Welcome to 2026, where rare disease biotechs feel like they're playing a game whose rules keep changing mid-play.
At STAT's Breakthrough Summit West in May 2026, the mood among rare disease CEOs was somewhere between frustrated and terrified. Mahzi Therapeutics CEO Yael Weiss described constant, worried questions from investors about what FDA's recent personnel moves mean for drug approvals. She called it "a roller coaster."

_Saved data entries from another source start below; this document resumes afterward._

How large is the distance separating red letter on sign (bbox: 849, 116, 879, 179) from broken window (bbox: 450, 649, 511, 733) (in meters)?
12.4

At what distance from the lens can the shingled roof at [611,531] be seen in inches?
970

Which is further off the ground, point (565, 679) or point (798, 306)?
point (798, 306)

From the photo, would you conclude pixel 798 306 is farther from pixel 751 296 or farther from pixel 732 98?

She's not alone. The past eight months have been littered with surprise rejections. In February, the FDA shot down Disc Medicine's bitopertin for erythropoietic protoporphyria, a rare condition where sunlight literally causes agonizing pain. The kicker? Bitopertin was supposed to be the poster child for Commissioner Marty Makary's new fast-track review program. The FDA said the blood-based biomarker (a lab measurement used as a stand-in for clinical improvement) didn't clearly connect to real patient benefit.

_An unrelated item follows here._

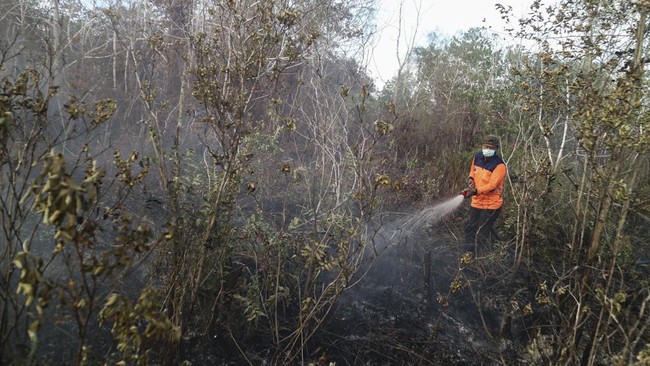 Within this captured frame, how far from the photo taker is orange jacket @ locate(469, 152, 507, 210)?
475 centimetres

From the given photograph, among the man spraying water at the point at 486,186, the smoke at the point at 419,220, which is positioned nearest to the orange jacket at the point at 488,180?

So much for fast-tracking.
Meanwhile, Regenxbio's gene therapy for Hunter syndrome got a complete response letter in February. Pharming Group's leniolisib for a rare immune disorder: rejected in February. And just to keep things interesting, the FDA accepted a resubmission for the same tabelecleucel it had rejected weeks earlier. The agency's signals are reading like a broken traffic light: red, green, red again, all within the same intersection.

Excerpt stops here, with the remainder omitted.